Notable Protocols that have made significant strides in Adopting RWA
Notable Protocols That Have Made Significant Strides In Adopting RWA
MakerDAO is a blue-chip DeFi project that hardly requires any further introduction. In the past year, MakerDAO has actively worked on diversifying its reserves and establishing other revenue streams. RWAs account for 75% of their revenues and have accumulated over US$600M in RWA collateral.

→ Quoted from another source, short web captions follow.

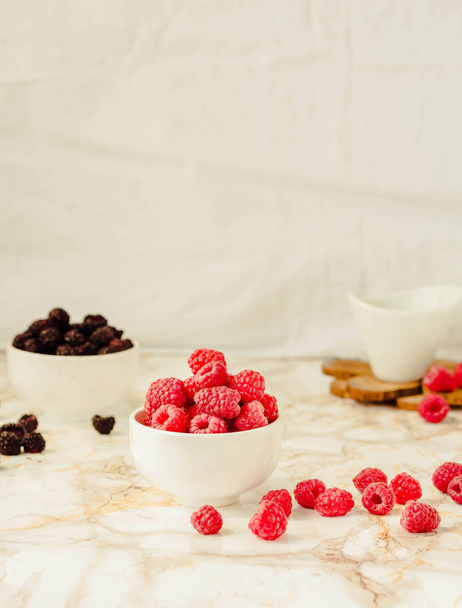 Raw raspberries and wild black berries in white cups. Light marb - Valokuva, kuva
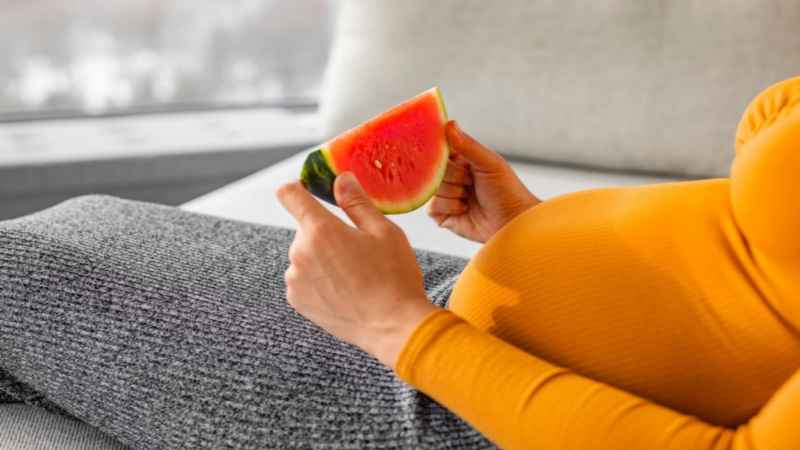 pregnant women holding water melon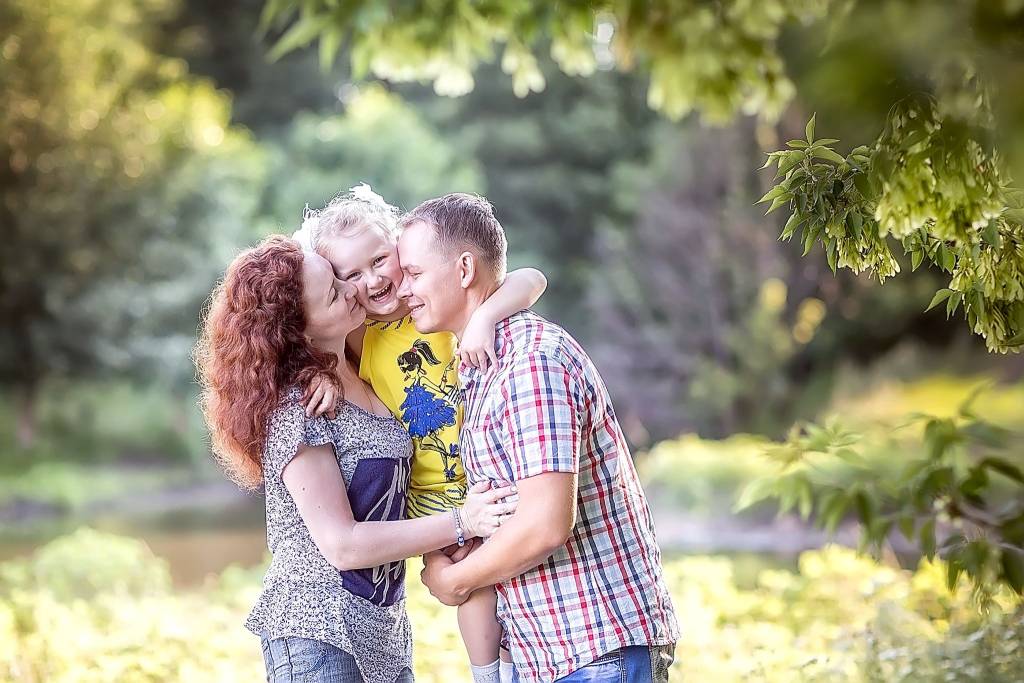 Family photo shoot in a sunny park, capturing joyful togetherness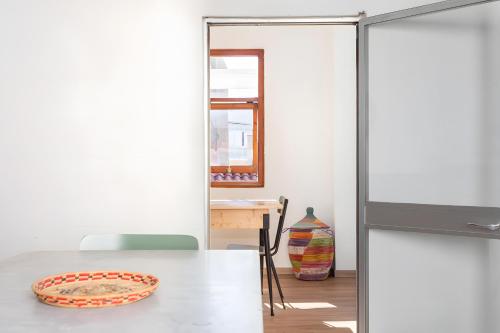 a dining room with a table with a plate on it at Domo Mea - La Tua Casa In Sardegna in Cuglieri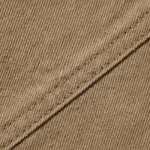 Close-up of the khaki cotton twill cloth of the work shirt showing the diagonal weave ribs, individual yarns and a stitched felled seam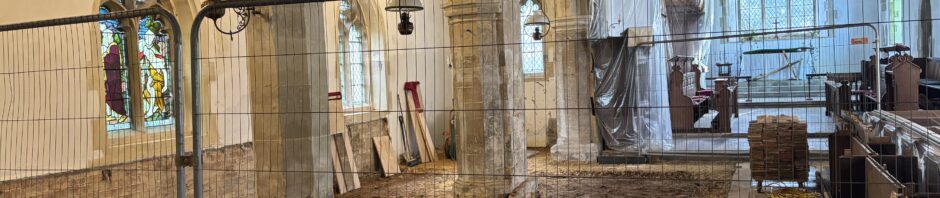 A church undergoing restoration work to its floor with safery fencing in front.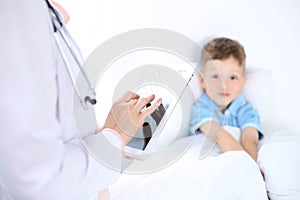 Female doctor using a digital tablet, close-up of hands. Health care concept or children`s therapy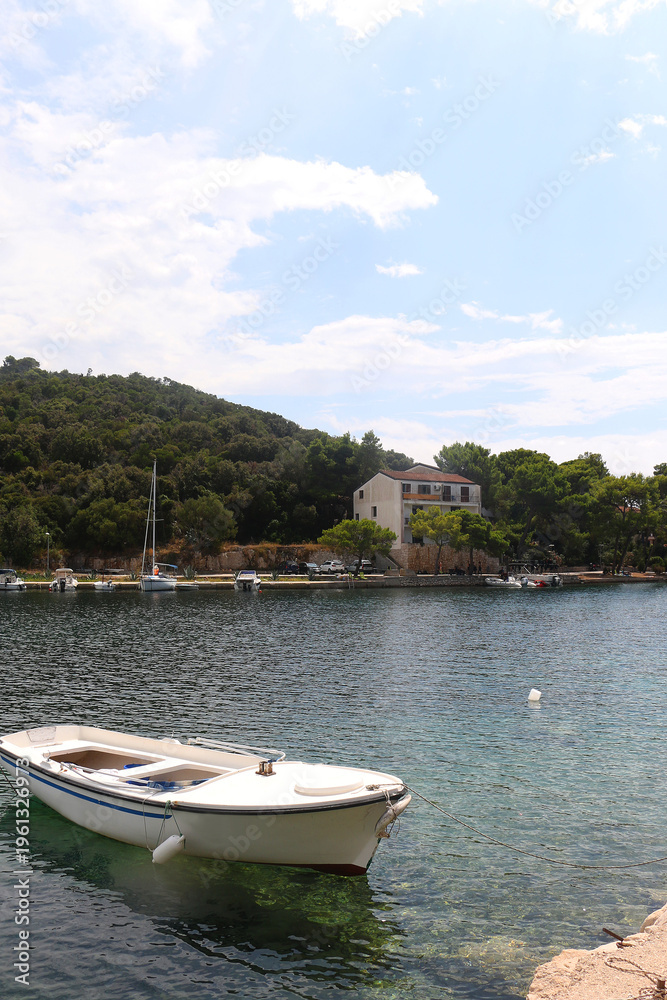 Fototapeta premium Small boat is moored in idyllic bay on island Lastovo, Croatia.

Key milestones for them include their US$10M partnership with Huntingdon Valley Bank where RWAs are bridged and serve as collateral when lending out DAI, and the recent partnership in December 2022 with Block Tower to fund US$220M of real-world assets via Centrifuge.
2. Ondo Finance
Ondo Finance announced tokenized funds that allow users to be shielded from crypto’s volatility and earn sustainable returns. These tokenized funds enable stablecoin holders to invest directly in TradFi instruments through three separate RWA funds, subject to fees of 0.15%.
The Ondo Short-Term US Government Bond Fund (OUSG) invests in short-term US treasuries through the Blackrock US Treasuries ETF (SHV), the Ondo Short-Term Investment Grade Bond Fund (OSTB) invests in investment-grade corporate bonds through the PIMCO Enhanced Short Maturity Active ETF (MINT). In contrast, the Ondo High Yield Corporate Bond Funds (OHYG) invests in high-yield corporate bonds via the Blackrock iBoxx $ High Yield Corporate Bond ETF (HYG).
3. Maple Finance
Following defaults and a radical overhaul, Maple Finance has distanced itself from uncollateralized lending and leaned towards RWAs to make a comeback.

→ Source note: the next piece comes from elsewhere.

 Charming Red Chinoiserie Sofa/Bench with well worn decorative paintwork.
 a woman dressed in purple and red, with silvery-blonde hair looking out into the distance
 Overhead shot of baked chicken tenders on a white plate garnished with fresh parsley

They removed traditional DeFi over-collateralization thresholds for borrowers as long as they have RWAs to back their debt. Maple has partnered with London-based AQRU to devise new pools that invest in US Treasury bonds and insurance refinancing with yield-generating strategies adopted from TradFi.
Maple provides the blockchain-based technology required to set up and maintain the pool, whereas AQRU is responsible for managing the pool and loan book. For a start, the new pool has a target yield of 10% per annum with a minimum notional of USDC 500k and a 45-day lockup period.

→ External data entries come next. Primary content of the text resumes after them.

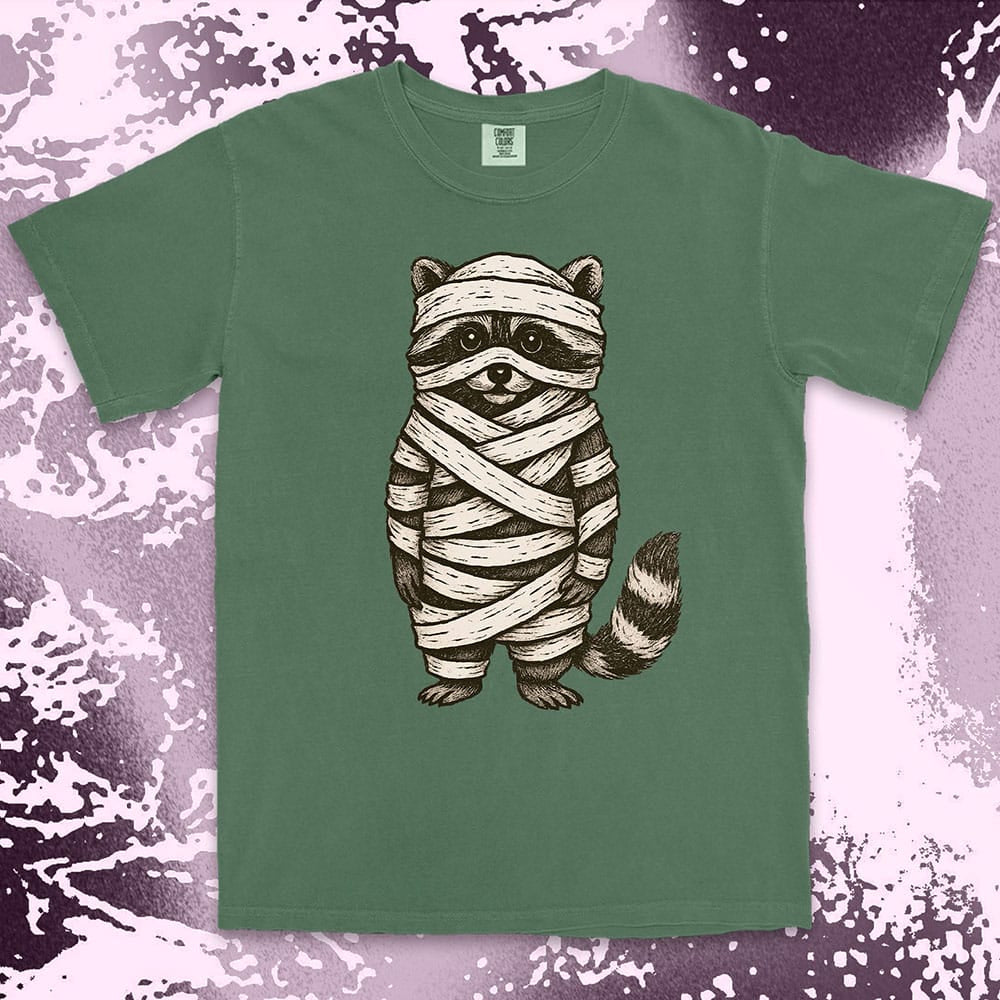 Comfort Color t-shirt with raccoon dressed as a mummy wrapped in bandages for Halloween.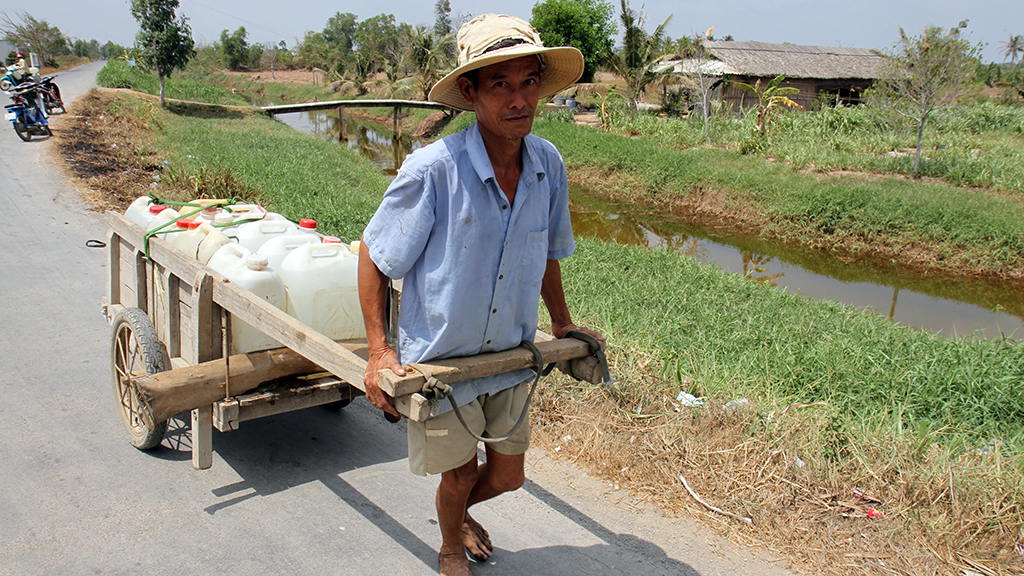 A resident carries bottles of groundwater for daily use as local rivers and canals have become polluted.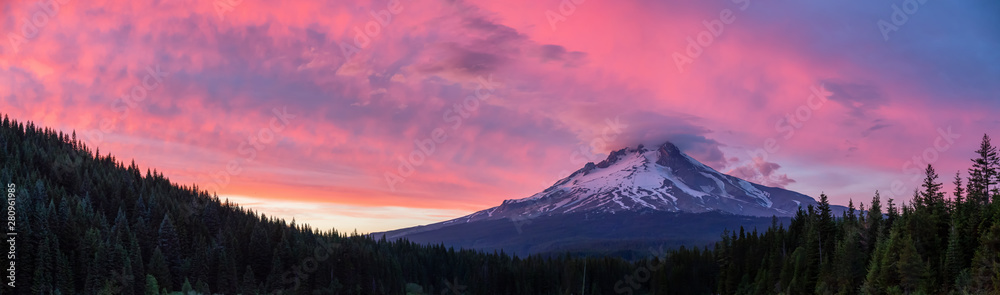 Beautiful Panoramic Landscape View of Mt Hood during a dramatic cloudy sunset. Taken from Trillium Lake, Mt. Hood National Forest, Oregon, United States of America.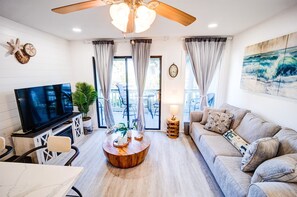 Living space with a nice view of the ocean in the distance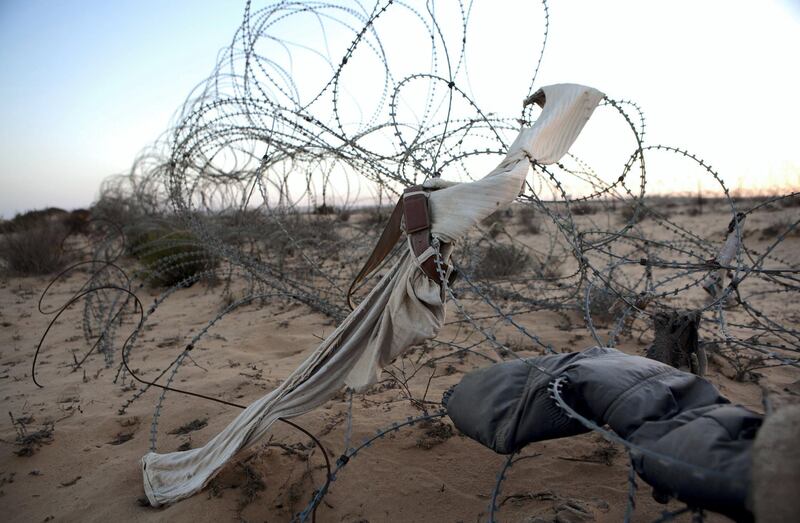 Items of clothing  from African asylum seekers are seen amongst the barbed wire fence along the border between Israel and Egypt on June 9 ,2012. Thousands of migrants  asylum seekers and refugees, primarily from Eritrea and Sudan, have traveled through Egypt and crossed the Sinai border into Israel. Many have lost their lives and have been tortured by Bedouin smugglers. (Photo by Heidi Levine/Sipa Press).//LEVINE_111010287/Credit:Heidi Levine/SIPA/1605172007 *** Local Caption *** 00756072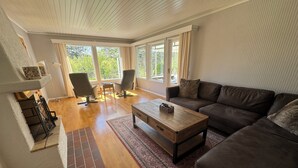 Una sala de estar moderna con piso de madera, un sofá de cuero marrón, dos sillones, una mesita de centro y una chimenea.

To align with regulatory requirements, the pool will be available only to accredited investors such as asset managers and DAO treasuries that comply with KYC/AML standards.
4. Phuture Finance
Phuture Finance is building one of the largest crypto index funds, it leverages traditional index funds to create one of the largest decentralized crypto index funds. Phuture Finance has three core products, Phuture DeFi Index (PDI), Colony Avalanche Index (CAI) and USDC Savings Vault (USV).
Similar to how traditional index funds are structured to provide investors with exposure to a financial market index instead of a single stock to diversify risks, PDI and CAI are market capitalization-weighted indexes that offer exposure to the top DeFi protocols in the Ethereum and Avalanche ecosystems, respectively.
USV is a vault that generates interest on depositors’ idle USDC. $PHTR is the native token primarily used for governance and incentivizing users.
5. Backed Finance
Backed charges on the issuance and redemption of assets are held in designated collateral accounts with their custodian. Backed serves as a service provider and does not engage in any form of investment activities, their primary target group is also accredited investors.
Backed currently does not have a native token and has no plans to launch one. The platform went live recently and received an overwhelming response for its first token, the Backed Core S&P500 or bCSPX. The tokens are expected to be fully collateralized by the underlying assets and fully transferable.
Global institutions such as Goldman Sachs, Siemens and KKR strive to bring traditional real-world assets on-chain. This bodes well for the crypto and blockchain industry, as these assets are worth trillions of dollars. If done right, mainstream adoption of crypto and blockchain is no longer a far-fetched dream.
However, it is noteworthy that TradFi is a highly regulated industry, and greater regulatory clarity is critical to propel financial asset tokenization forward. It is a win-win situation for both TradFi and DeFi, DeFi gains by having another source of collateral option for lending protocols which can, in turn, improve liquidity and mitigate risk, while TradFi benefits from increased liquidity and efficiency as lower operational costs.
[Editor’s Note: This article does not represent financial advice. Please do your research before investing.]